6) Thought seriously about re-grouting bathtub.
7) Realized that I do not know how to re-grout bathtub.
8) Bought primer, paint and a special ventilation-breathing-mask-thing for nursery.
9) Bought one of those fancy flushable toilet brush gadgets because honestly, how have I lived all these years with a traditional, germy toilet brush? How have I not even given its presence a second thought? Am I some kind ofsavage?

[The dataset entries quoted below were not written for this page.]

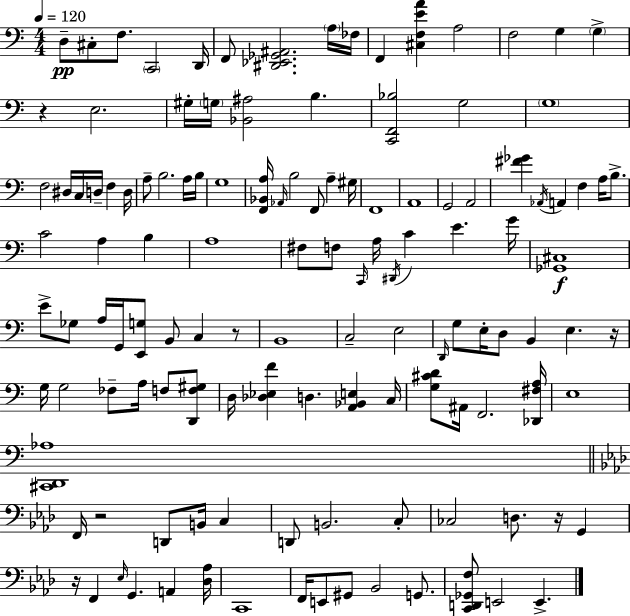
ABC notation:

X:1
T:Untitled
M:4/4
L:1/4
K:C
D,/2 ^C,/2 F,/2 C,,2 D,,/4 F,,/2 [^D,,_E,,_G,,^A,,]2 A,/4 _F,/4 F,, [^C,F,EA] A,2 F,2 G, G, z E,2 ^G,/4 G,/4 [_B,,^A,]2 B, [C,,F,,_B,]2 G,2 G,4 F,2 ^D,/4 C,/4 D,/4 F, D,/4 A,/2 B,2 A,/4 B,/4 G,4 [F,,_B,,A,]/4 _A,,/4 B,2 F,,/2 A, ^G,/4 F,,4 A,,4 G,,2 A,,2 [^F_G] _A,,/4 A,, F, A,/4 B,/2 C2 A, B, A,4 ^F,/2 F,/2 C,,/4 A,/4 ^D,,/4 C E G/4 [_G,,^C,]4 E/2 _G,/2 A,/4 G,,/4 [E,,G,]/2 B,,/2 C, z/2 B,,4 C,2 E,2 D,,/4 G,/2 E,/4 D,/2 B,, E, z/4 G,/4 G,2 _F,/2 A,/4 F,/2 [D,,F,^G,]/2 D,/4 [_D,_E,F] D, [A,,_B,,E,] C,/4 [G,^CD]/2 ^A,,/4 F,,2 [_D,,^F,A,]/4 E,4 [^C,,D,,_A,]4 F,,/4 z2 D,,/2 B,,/4 C, D,,/2 B,,2 C,/2 _C,2 D,/2 z/4 G,, z/4 F,, _E,/4 G,, A,, [_D,_A,]/4 C,,4 F,,/4 E,,/2 ^G,,/2 _B,,2 G,,/2 [C,,D,,_G,,F,]/2 E,,2 E,, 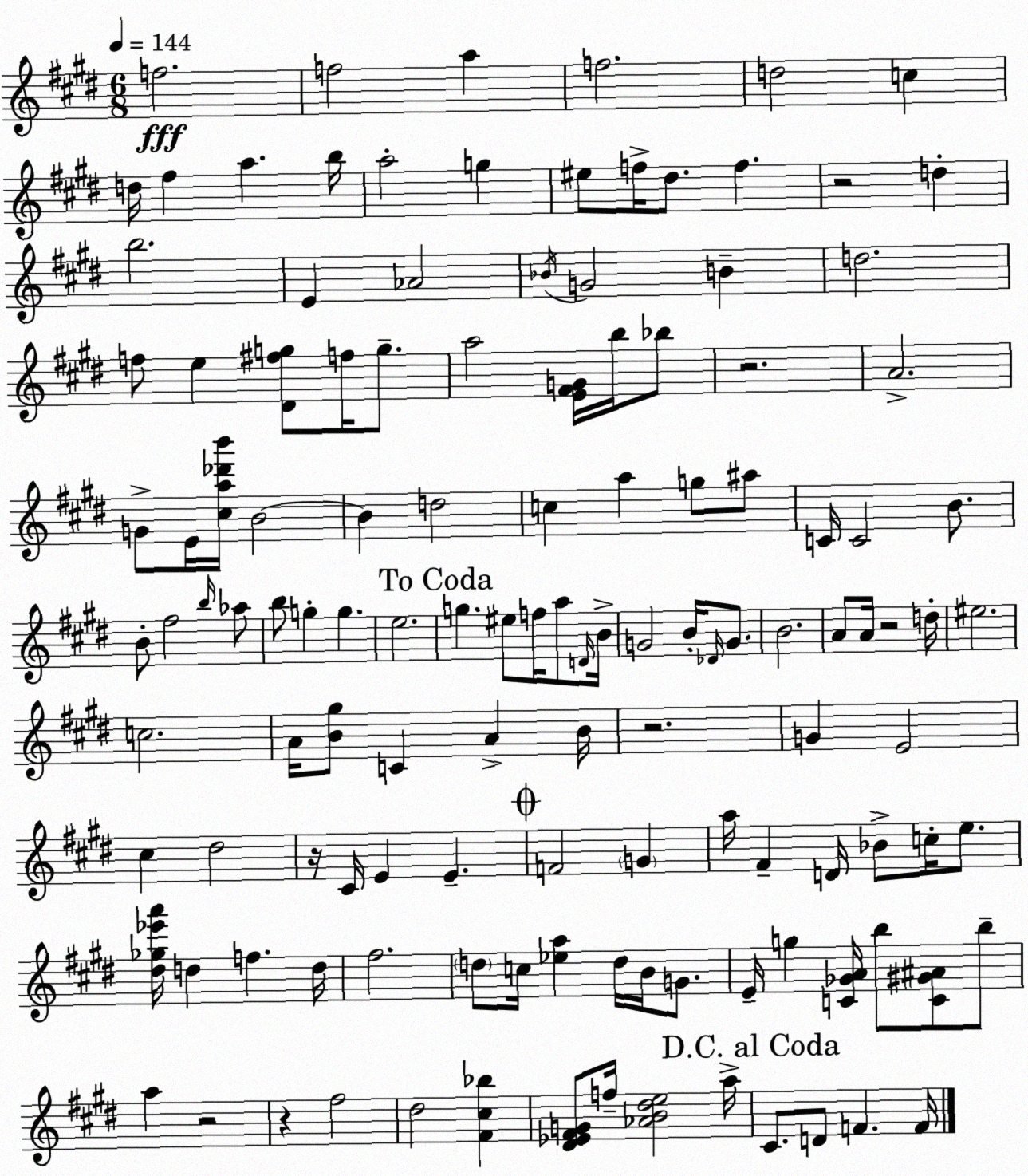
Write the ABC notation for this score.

X:1
T:Untitled
M:6/8
L:1/4
K:E
f2 f2 a f2 d2 c d/4 ^f a b/4 a2 g ^e/2 f/4 ^d/2 f z2 d b2 E _A2 _B/4 G2 B d2 f/2 e [^D^fg]/2 f/4 g/2 a2 [E^FG]/4 b/4 _b/2 z2 A2 G/2 E/4 [^ca_d'b']/4 B2 B d2 c a g/2 ^a/2 C/4 C2 B/2 B/2 ^f2 b/4 _a/2 b/2 g g e2 g ^e/2 f/4 a/2 D/4 B/4 G2 B/4 _D/4 G/2 B2 A/2 A/4 z2 d/4 ^e2 c2 A/4 [B^g]/2 C A B/4 z2 G E2 ^c ^d2 z/4 ^C/4 E E F2 G a/4 ^F D/4 _B/2 c/4 e/2 [^d_g_e'a']/4 d f d/4 ^f2 d/2 c/4 [_ea] d/4 B/4 G/2 E/4 g [C_GA]/4 b/2 [C^G^A]/2 b/2 a z2 z ^f2 ^d2 [^F^c_b] [^D_E^FG]/2 f/4 [_AB^de]2 a/4 ^C/2 D/2 F F/4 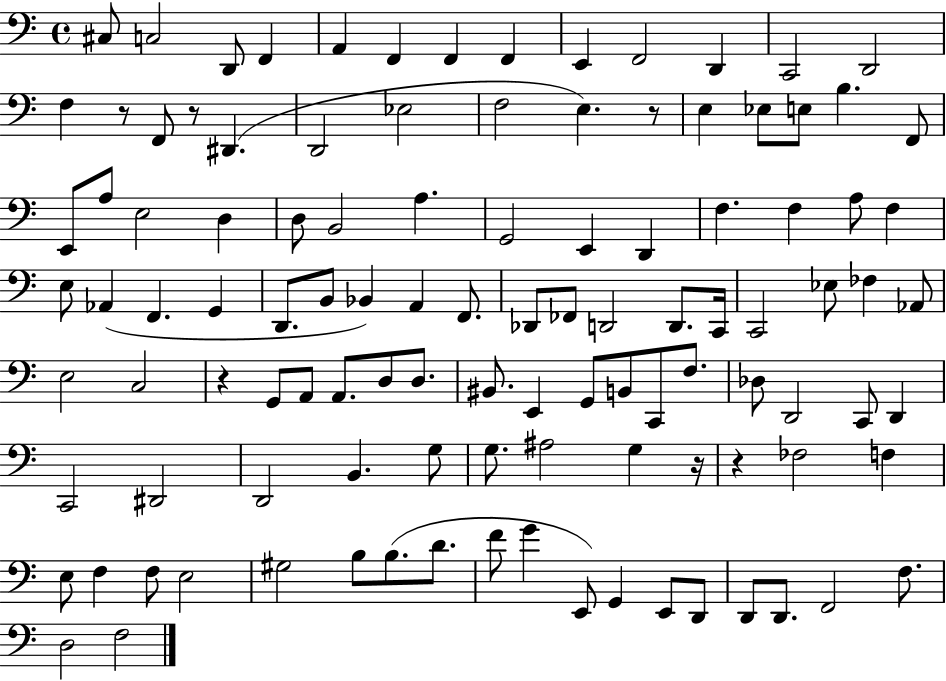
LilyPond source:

{
  \clef bass
  \time 4/4
  \defaultTimeSignature
  \key c \major
  cis8 c2 d,8 f,4 | a,4 f,4 f,4 f,4 | e,4 f,2 d,4 | c,2 d,2 | \break f4 r8 f,8 r8 dis,4.( | d,2 ees2 | f2 e4.) r8 | e4 ees8 e8 b4. f,8 | \break e,8 a8 e2 d4 | d8 b,2 a4. | g,2 e,4 d,4 | f4. f4 a8 f4 | \break e8 aes,4( f,4. g,4 | d,8. b,8 bes,4) a,4 f,8. | des,8 fes,8 d,2 d,8. c,16 | c,2 ees8 fes4 aes,8 | \break e2 c2 | r4 g,8 a,8 a,8. d8 d8. | bis,8. e,4 g,8 b,8 c,8 f8. | des8 d,2 c,8 d,4 | \break c,2 dis,2 | d,2 b,4. g8 | g8. ais2 g4 r16 | r4 fes2 f4 | \break e8 f4 f8 e2 | gis2 b8 b8.( d'8. | f'8 g'4 e,8) g,4 e,8 d,8 | d,8 d,8. f,2 f8. | \break d2 f2 | \bar "|."
}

10) Read latest Harry Potter, thrown latest Harry Potter at wall.
11) See item #1.
Things I Have Not Done:
1) Everything else.
My mother-in-law is a professional Martha Stewart-type person, and has offered to paint and decorate the nursery with all sorts of whimsical woodland creatures and, I don’t know, a reproduction of the Sistine Chapel. Herself. As in, I do not have to do anything except watch my language and refrain discussing how I will never let her son ever see me naked again lest he DO THIS TO ME AGAIN WITH HIS DEMON SEED while she’s here.
"Just prime the walls and do the basecoat!" she told us.
"I’ll do the rest!"
The room is not painted. Or primed. But holes have been spackled! Look again at the nice spackle!
I have heard, from several different women, stories of painting and readying the nursery months in advance, only for some type of fit to be thrown over THE OBVIOUSLY HORRIBLE WHAT-WERE-WE-THINKING PAINT COLOR, which leads to the entire room being re-painted the week before the baby is born.
Husband thinks: There is no way I am painting that damn room twice. I am not picking up a paintbrush until her water breaks.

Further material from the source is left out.